Here is a “hurry” story from my younger, more careless days on the trapline. I was running my trapline on a Skidoo Elan (it was pretty new, so that tells you how long ago this was). Two otter came out of an open hole near a lake outlet and scooted down the ice covered creek. Naturally, being a gung-ho trapper, I gave chase, but not for long. My machine was wide open coming around the second creek corner. It turned out there was a wide open lead immediately ahead. The otter slipped right in, and so did my machine. I had the sense to bail from the Elan, but still slid in to the water. The creek was four or five feet deep, not enough to be dangerous, but plenty deep to soak me — since I didn’t necessarily go in to the water right-side up. It was minus 30 and I was 10 miles from my closest cabin; six miles from the closest trees. I made it, since I am able to write this, but I don’t remember the walk being much fun. That episode took most of the “hurry” from my ice travel.

River ice is always a risky proposition. During a 20 year period, from 1990-2010, more than 300 Alaskans died by drowning between November and March. Half died from going through the ice on snowmachine or an ATV. The Native populations are the most vulnerable. The simple explanation is that they use the ice more than most. Hunting, fishing and other subsistence activities have them outside and traveling far more than those living on the road system.

New, clear ice is considered safe to walk on when it is three or four inches thick. One can walk on as little as an inch of new clear ice, but I would not risk walking over water deeper than my boot tops. Nor would I feel wonderful about crossing Paxson Lake on four inches of ice, especially when those loud cracking sounds occur. My dog team is petrified when the ice cracks under them, even if it a foot thick. You can drive a pick-up truck on twelve inches of ice if it good ice.

Here is the rule of thumb: clear ice is good. Four inches for people in groups up to four. Five or six inches if there are 10 ice fishermen. Six inches will hold a snowmobile or an ATV. Eight inches supports a passenger car. The military landed a C-130 on Paxson Lake with 18 inches of clean ice. The key here is “good” ice. White ice has air bubbles and is half as strong. Black ice is always poor and unsafe, though in the spring, on a cold morning, one might sneak across when that black crystal ice is temporarily froze together. My heart would be in my throat if I had to cross ice like that.
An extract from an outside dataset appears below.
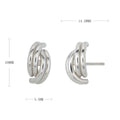 Boucles d'oreilles clous pour femme au design torsadé élégant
Average winter temperatures have been on the rise in Alaska for the past few decades. Three or four degrees of temperature rise makes a big difference in October when we are expecting freeze-up. Prior to 2002, Paxson Lake was frozen in October; always. Since that time there have been five November freeze-ups. It is warming whether we want to believe it or not. We are not going to change nature. What we do need to change is our expectations. Don’t think, just because it is the middle of November, that it is time to drill a hole in the ice and catch fish. Check the ice carefully and check your patience.